It's a bloody minefield, when talking about fittings/cable/flex there's different ratings for temp's according to the materials used in manufacture, for example a cable might be rated to 90c, but fit it to a plug/socket rated for 60c, pull some serious current and watch the connector melt. The problem is the cheap stuff has ratings that are downright lies, and Australia is flooded with this crap, I recently "upgraded" a couple of plugs and sockets, they were Auber 20amp Leviton 240V 20A NEMA L6-20P Plug [L6-20P] - $11.50 : Auber Instruments, Inc., Temperature control solutions for home and industry is the plug, as they were getting a bit warm, I got 30amp units from Amazon (cheap) yep! despite rated at 10amps more, up in f***g smoke, currently (pun intended) waiting on 30 amp connectors from Auber, it seems that the Yank and Pommie stuff is still reliable, EU might be ok as well, but anything from Lucky Happy Flying Dragon needs to be treated with extreme caution, caveat emptor. 
fwiw This applies to cable as well, probably why you're burning the active, after several failures I've chucked all my premade leads (Big green shed) and replaced with homemade, touch wood no problems since.


----------



## Grok

Grmblz said:


> It's a bloody minefield, when talking about fittings/cable/flex there's different ratings for temp's according to the materials used in manufacture, for example a cable might be rated to 90c, but fit it to a plug/socket rated for 60c, pull some serious current and watch the connector melt. The problem is the cheap stuff has ratings that are downright lies, and Australia is flooded with this crap, I recently "upgraded" a couple of plugs and sockets, they were Auber 20amp Leviton 240V 20A NEMA L6-20P Plug [L6-20P] - $11.50 : Auber Instruments, Inc., Temperature control solutions for home and industry is the plug, as they were getting a bit warm, I got 30amp units from Amazon (cheap) yep! despite rated at 10amps more, up in f***g smoke, currently (pun intended) waiting on 30 amp connectors from Auber, it seems that the Yank and Pommie stuff is still reliable, EU might be ok as well, but anything from Lucky Happy Flying Dragon needs to be treated with extreme caution, caveat emptor.
> fwiw This applies to cable as well, probably why you're burning the active, after several failures I've chucked all my premade leads (Big green shed) and replaced with homemade, touch wood no problems since.
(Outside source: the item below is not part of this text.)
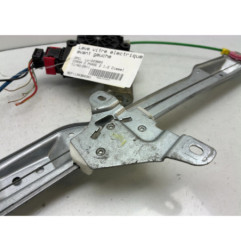 Leve vitre electrique avant gauche OPEL CORSA D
The cheap stuff can be ok, but you have to pay attention to the dry connections of the series of conductors that make up the extension cords. If there is excessive heat in one spot, at the "dry joint", then that is where the most resistance is, find the reason for that. Usually it's crap/oxidization/dirty contacts that are the problem and cleaning the metal and tightening up screws, spring clips etc will fix the issue. Use solder, or coat with solder where you can will help considerably. It's why gold coating is the best, because it doesn't oxidize. If the whole cord gets warm and stays constant, its handling the current, hot is not good and an upgrade is needed, or lower the electrical load. 
It's all about resistance!


----------



## mynameisrodney

Today's efforts. Double batch of pale ale split between verdant and s04, and a single batch of black ipa.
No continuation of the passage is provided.